[Source records]
*** Block opens ***
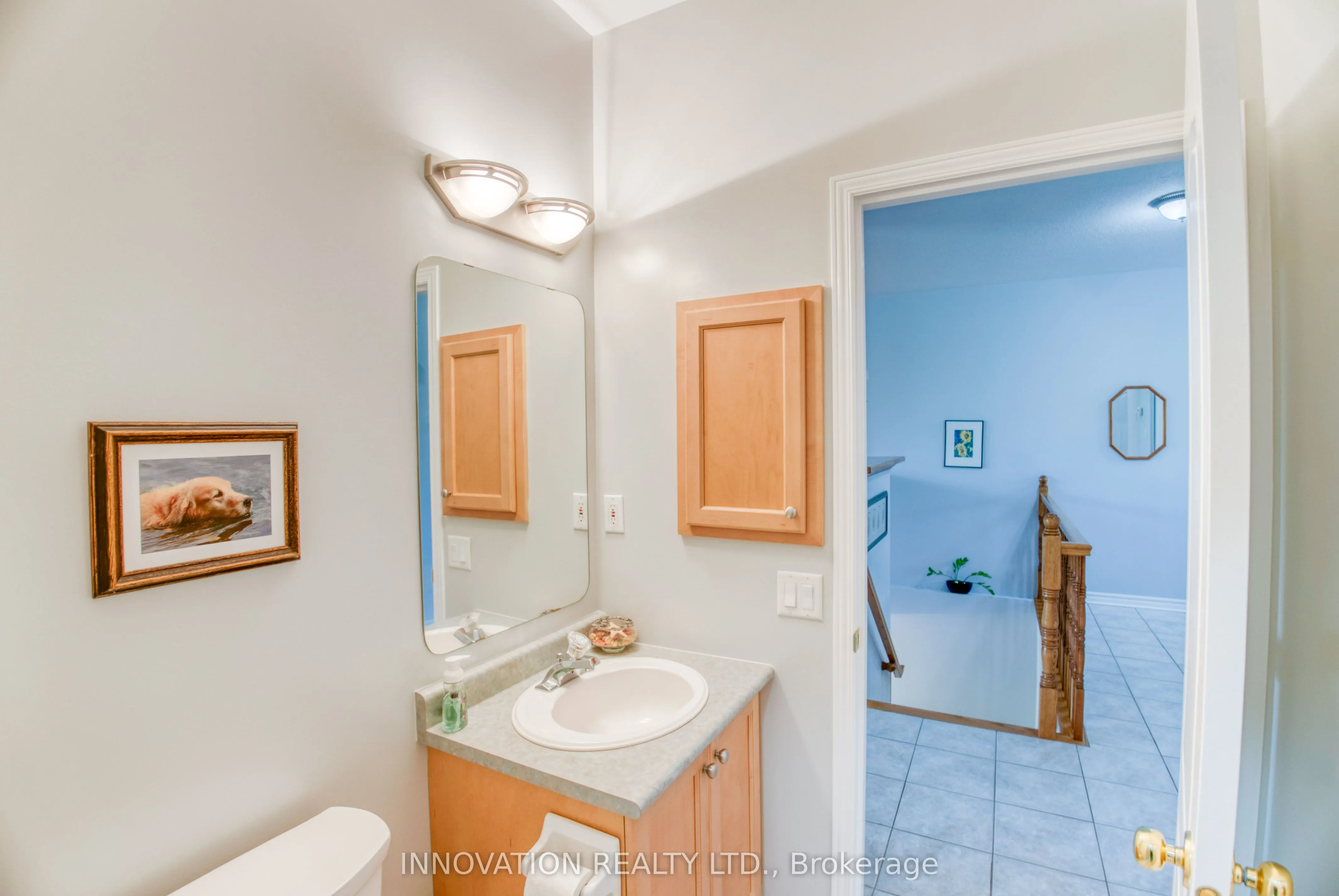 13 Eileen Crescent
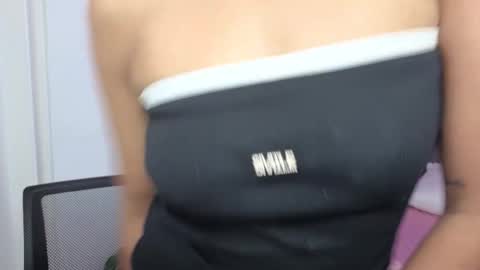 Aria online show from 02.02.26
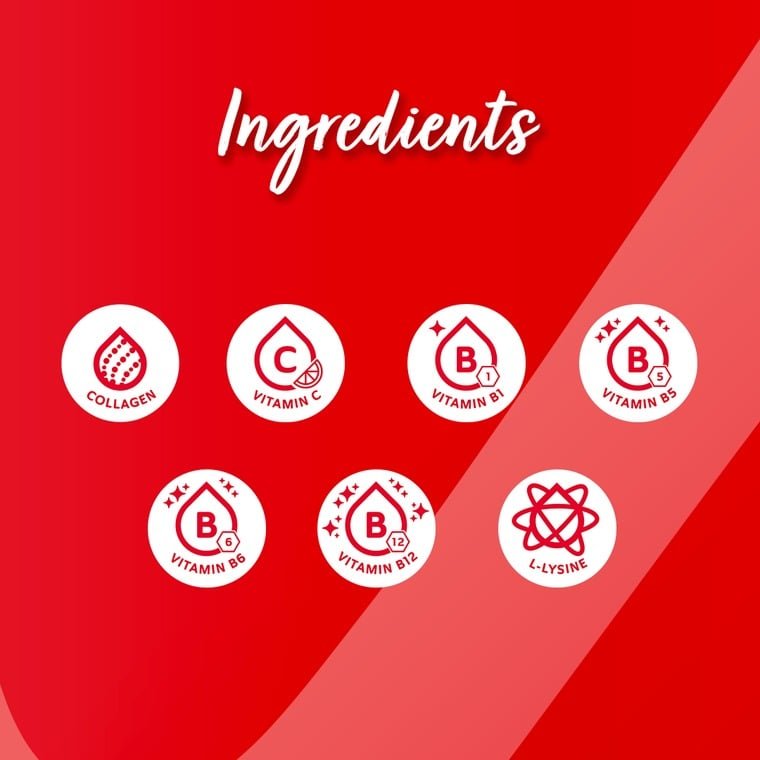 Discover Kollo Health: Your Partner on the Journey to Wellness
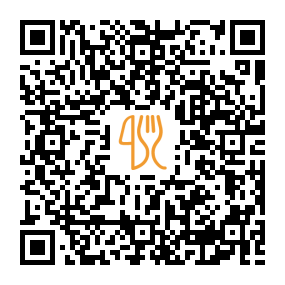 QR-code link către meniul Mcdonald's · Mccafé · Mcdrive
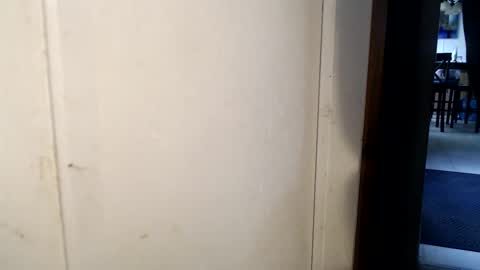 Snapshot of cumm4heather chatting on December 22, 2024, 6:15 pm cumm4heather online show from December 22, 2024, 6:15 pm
*** Block closes ***
Task objective: Every line of the data above is to be set down word for word, with the pictures left out.

Exercise result:
 13 Eileen Crescent
 Aria online show from 02.02.26
 Discover Kollo Health: Your Partner on the Journey to Wellness
 QR-code link către meniul Mcdonald's · Mccafé · Mcdrive
 Snapshot of cumm4heather chatting on December 22, 2024, 6:15 pm cumm4heather online show from December 22, 2024, 6:15 pm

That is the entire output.